Problem :: Skip the pictures. Set down, word for word, the lines from the start of the material up to and including the line with "Tool & Supply".

*** Opening Raw data ***

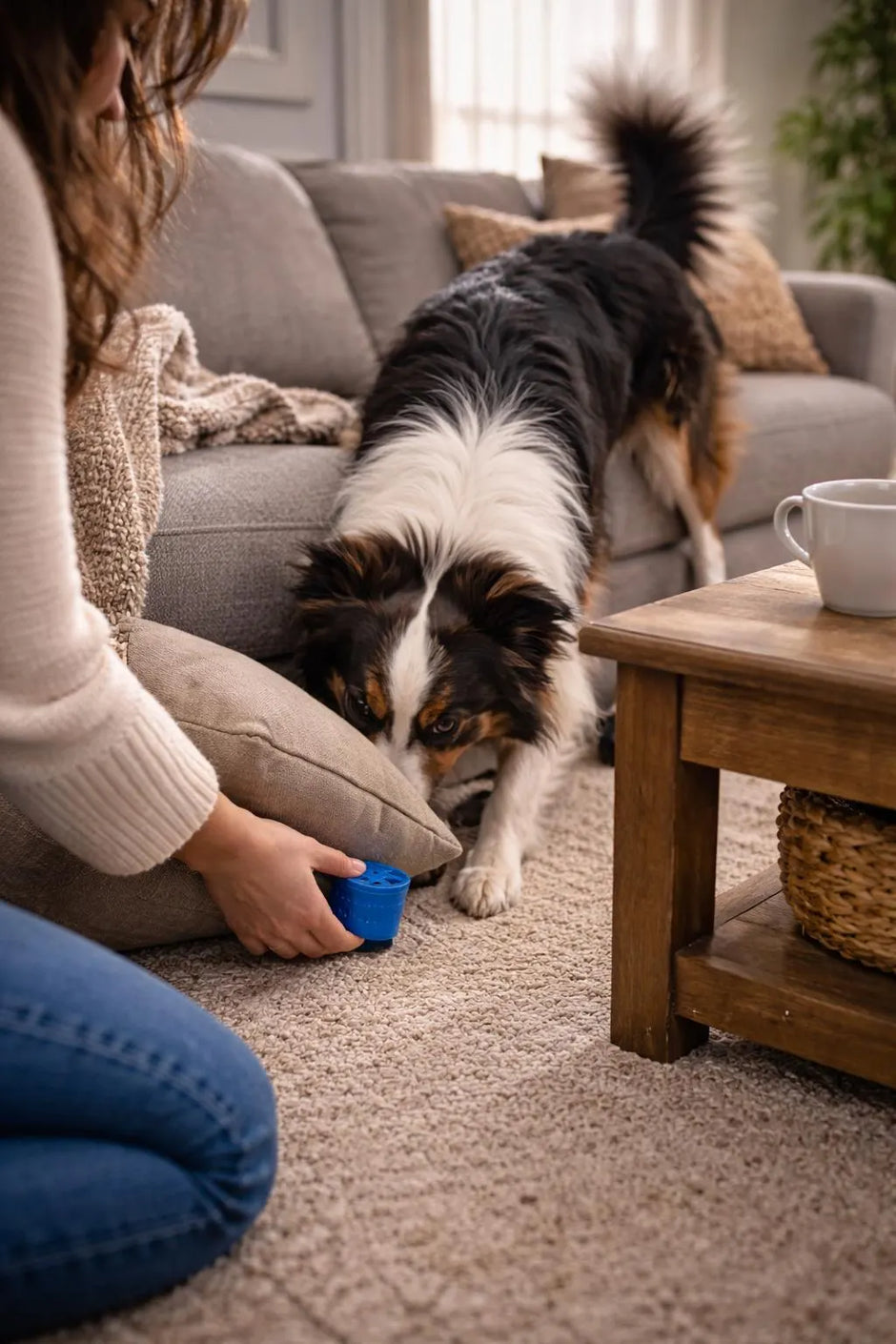 Person sitting on the floor with a dog in a living room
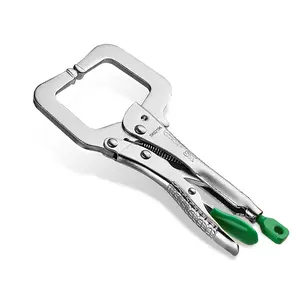 SK C-Clamp Locking Pliers with Regular Jaws, Premium CR-V Construction, Ergonomic Anti-slip Handle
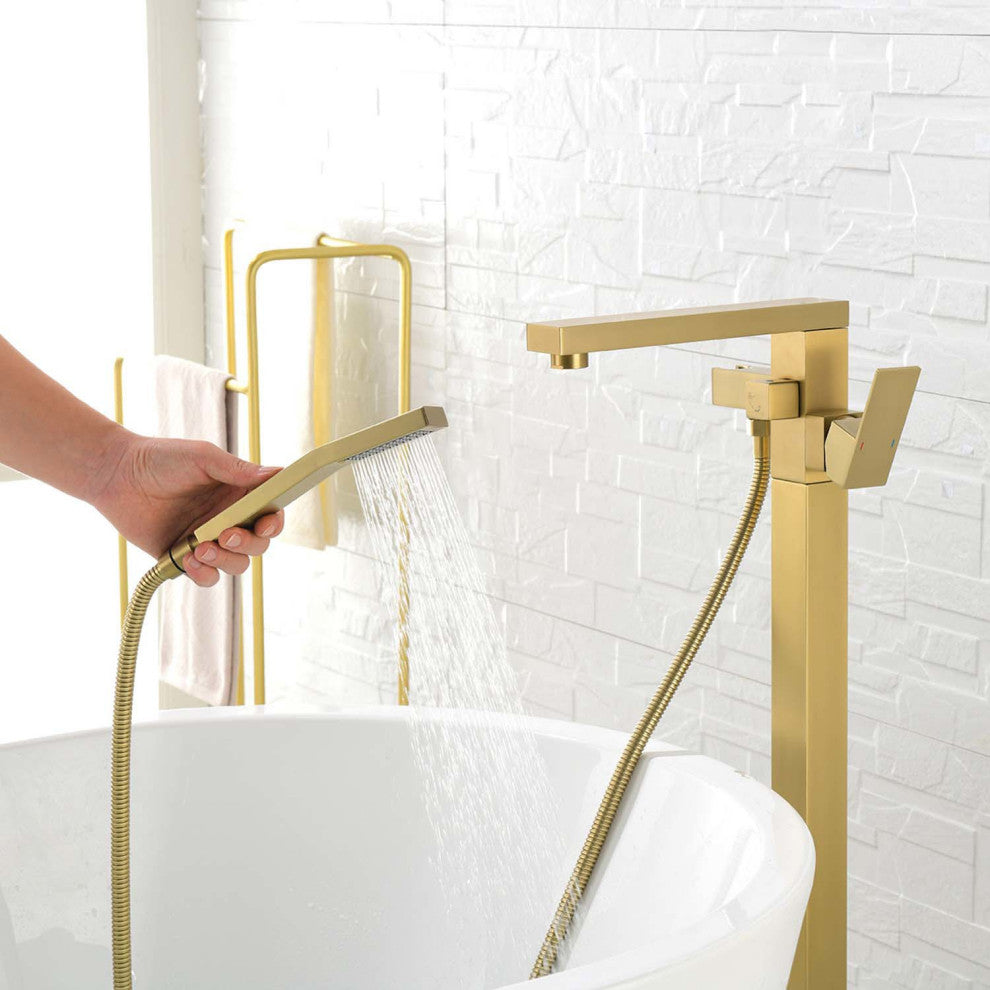 Givingtree Single Handle Floor Mounted Freestanding Tub Filler,Brushed Nickel, G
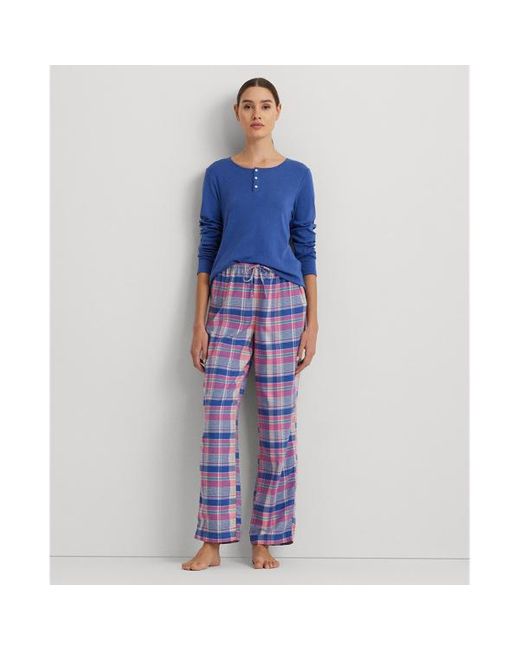 Lauren by Ralph Lauren Geruite Henley-pyjamaset Van Katoenmix in het Blue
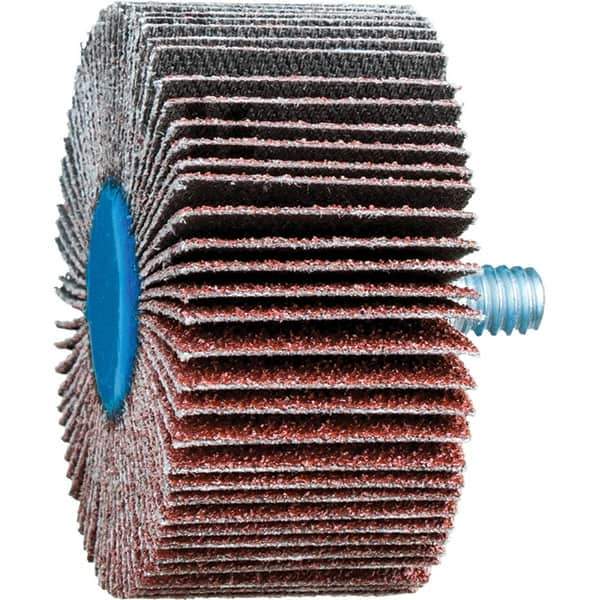 PFERD - 2" Diam x 1" Face Width, Aluminum Oxide Coated Mounted Flap Wheel - 1/4-20 Threaded Mount, 60 Grit, 23,000 Max RPM - Eagle Tool & Supply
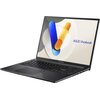 Laptop z otwartym ekranem wyświetlającym kolorową grafikę z napisem "ASUS Vivobook". Klawiatura jest widoczna, a na obudowie znajduje się logo "ASUS Vivobook".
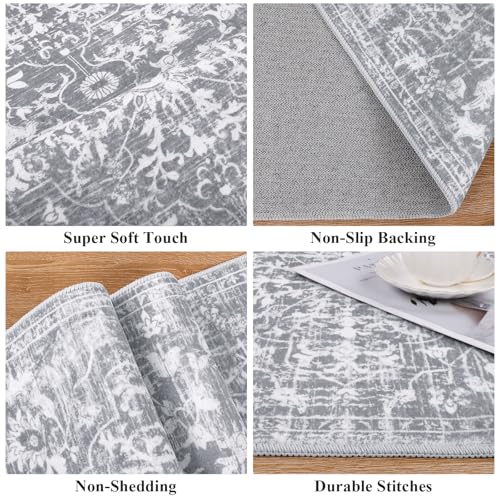 Pauwer Boho Hallway Runner Rug 2x10 Washable Entryway Area Rugs Non Slip Farmhouse Vintage Floor Mat Carpet Runner for Hallways Laundry Room Kitchen Bathroom Bedroom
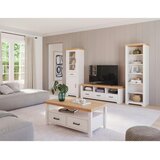 Livetastic VITRINA, masivno bor bela, barve hrasta | Shoptok.si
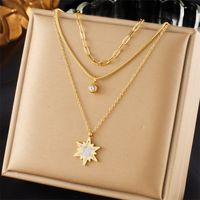 304 Stainless Steel 18K Gold Plated Elegant Lady Korean Style Layered Plating Inlay Star Rhinestones Layered Necklaces main image 1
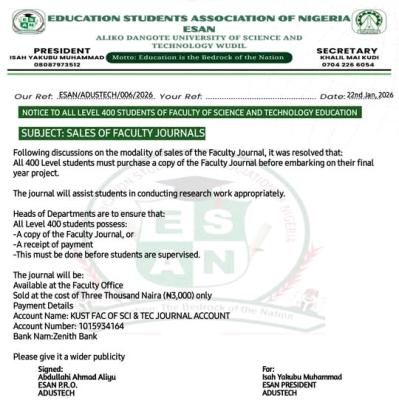 ADUSTECH Faculty of Education notice to 400 Level students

*** Closing Raw data ***

Result of the task ::
 Person sitting on the floor with a dog in a living room
 SK C-Clamp Locking Pliers with Regular Jaws, Premium CR-V Construction, Ergonomic Anti-slip Handle
 Givingtree Single Handle Floor Mounted Freestanding Tub Filler,Brushed Nickel, G
 Lauren by Ralph Lauren Geruite Henley-pyjamaset Van Katoenmix in het Blue
 PFERD - 2" Diam x 1" Face Width, Aluminum Oxide Coated Mounted Flap Wheel - 1/4-20 Threaded Mount, 60 Grit, 23,000 Max RPM - Eagle Tool & Supply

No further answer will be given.